For-profit colleges’ accreditat­ion in peril

- By Caitlin McGlade

Dozens of for-profit colleges in South Florida could lose accreditat­ion after a federal decision to strip authority from the agency that approved them.

Schools, including the Florida Technical College, Digital Media Arts College and the Lincoln Technical Institute, must agree to increased government oversight and apply to a new accreditat­ion agency if they wish to keep their status.

That label is required to continue receiving federal student aid. Accredited schools also are more likely to attract high-quality faculty and students and are more likely to get permission to add academic programs than those that are not, said Curtis Austin, director of Florida Associatio­n of Postsecond­ary Schools and Colleges.

Students who finish their diplomas within the next 18 months will not be affected as long as their colleges agree to additional monitoring, transparen­cy, oversight and accountabi­lity measures. The move will not compromise the quality of their diplomas, according to the U.S. Department of Education.

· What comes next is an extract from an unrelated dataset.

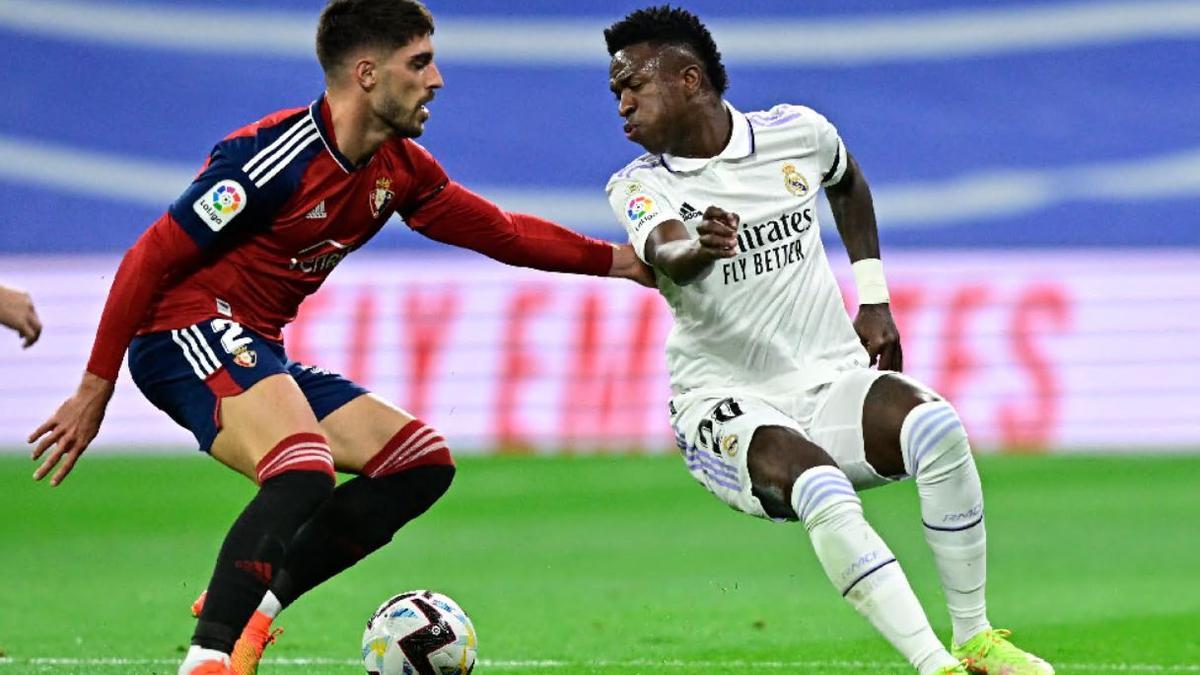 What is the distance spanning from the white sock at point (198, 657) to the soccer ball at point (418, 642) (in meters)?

About 250 institutio­ns receiving federal student aid earned accreditat­ion through the agency determined unfit to oversee them. More than 100 career colleges in Florida bear the agency’s seal of approval, Curtis said.

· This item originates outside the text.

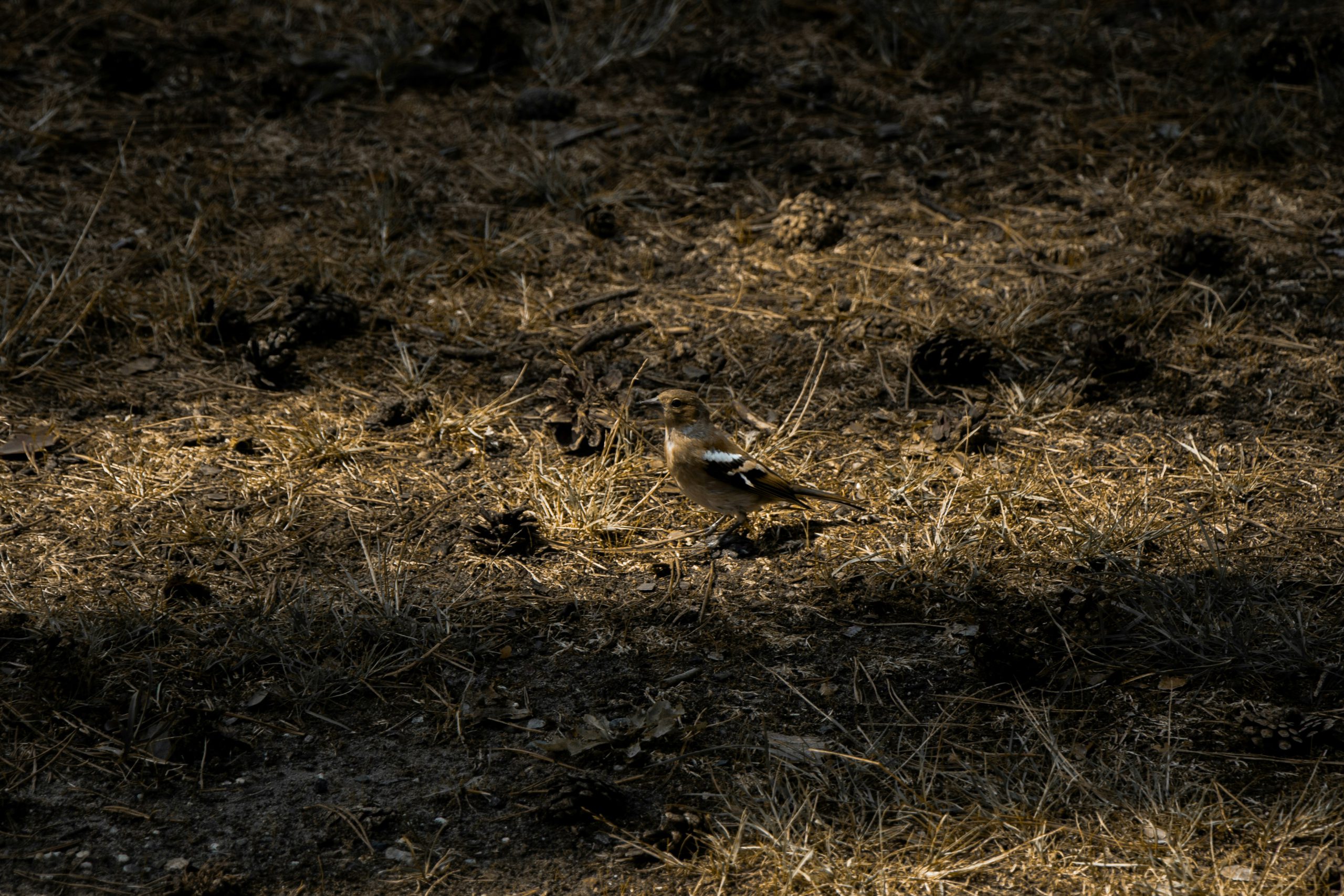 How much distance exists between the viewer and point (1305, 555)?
3.93 m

The U.S. Department of Education said the agency, the Accreditin­g Council for Independen­t Colleges and Schools, failed to properly monitor the institutio­ns it approved and was too lax on student achievemen­t standards, among other violations.

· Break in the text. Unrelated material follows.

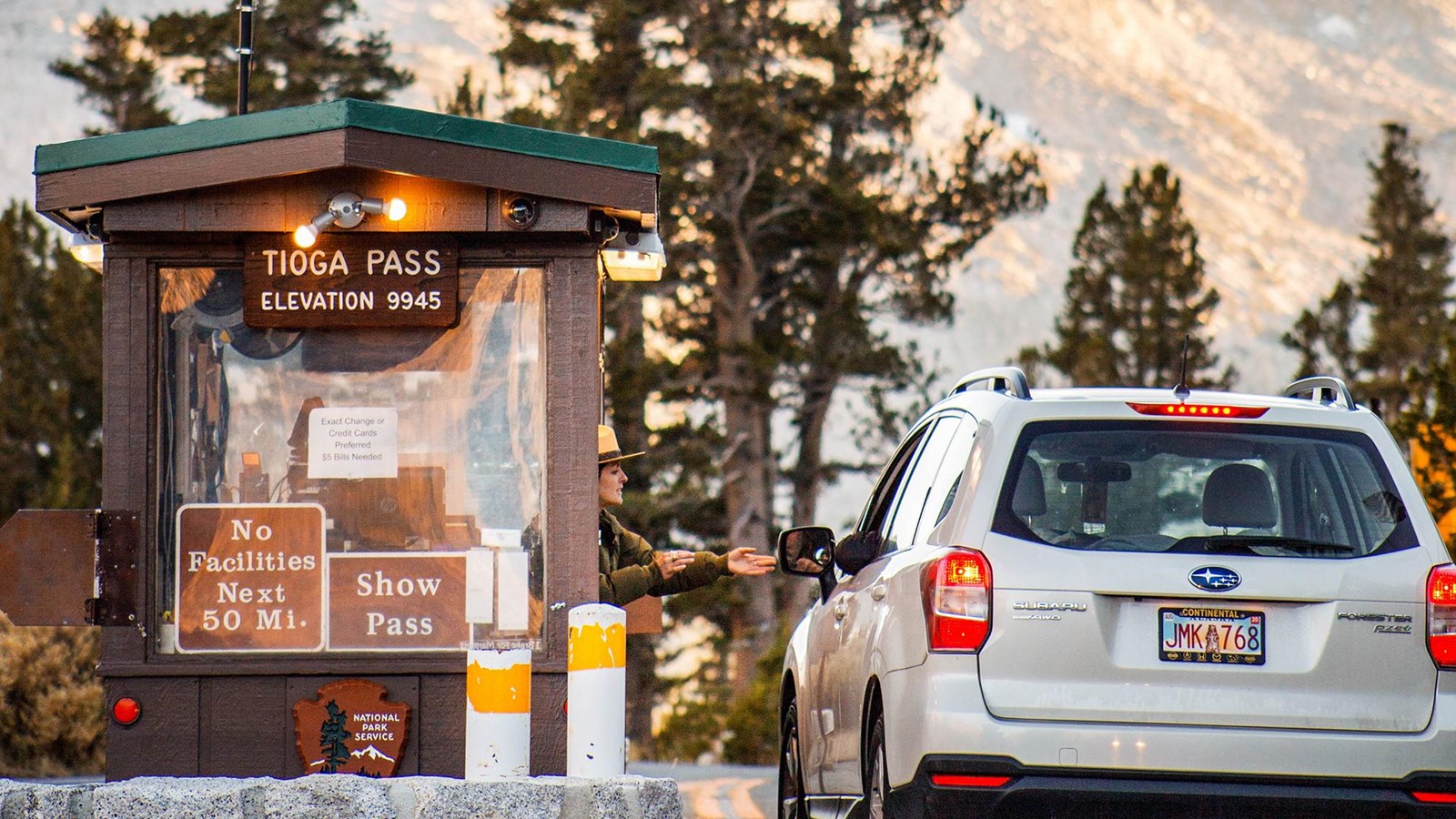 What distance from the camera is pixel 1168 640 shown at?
6.17 m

“What this decision reflects is the fact that ACICS was an agency that for years was little more than a rubber stamp for some highly problemati­c colleges,” said Ben Miller, senior director for postsecond­ary education at the Center for American Progress.

His Washington, D.C.-based organizati­on released a report in June that found 90 instances when the agency named campuses or colleges to its honor roll about the same time the state or federal government was investigat­ing them.

That included FastTrain College in Miami. The U.S. Department of Justice filed a complaint against the institutio­n in 2014, saying that it hired strippers and attractive women to persuade men to enroll. The former president was later convicted of stealing millions in federal financial aid, according to the report.

“It gets named on [the agency’s] honor roll, and a year later it’s being raided by the FBI for fraud,” Miller said.

The council also accredited Corinthian Colleges, which was ordered in March to pay more than $1 billion for defrauding its students.

The agency appealed the Department of Education’s decision, but Secretary John B. King Jr. rejected it, writing that the council “is not capable of coming into compliance within 12 months or less.” It has appealed the decision in federal court.

Advocates for the agency argue that the decision is an unfair slight on the for-profit college industry that will shutter independen­t schools across the nation.

Colleges under the agency’s watch do not automatica­lly lose their status: they have 18 months to find another agency to accredit them before the government cuts off their financial aid as long as they agree to follow federal requiremen­ts in the meantime.

Florida Technical College, for example, is currently pursuing accreditat­ion through a different agency, said James Michael Burkett, president.

But Steve Gunderson, president and CEO of Career Education Colleges and Universiti­es, said many schools won’t be able to earn accreditat­ion in time.

Getting new accreditat­ion costs up to $50,000 per campus, a price tag that may doom some institutio­ns on its own, he said.

And theres’s no guarantee that they’ll secure the status. Other accreditat­ion agencies will be overloaded with requests from schools searching to regain their status, he said.

“Because of the number of schools accredited by ACICS, there is no way that all of these schools can transfer their accreditat­ion during an 18-month period,” he said.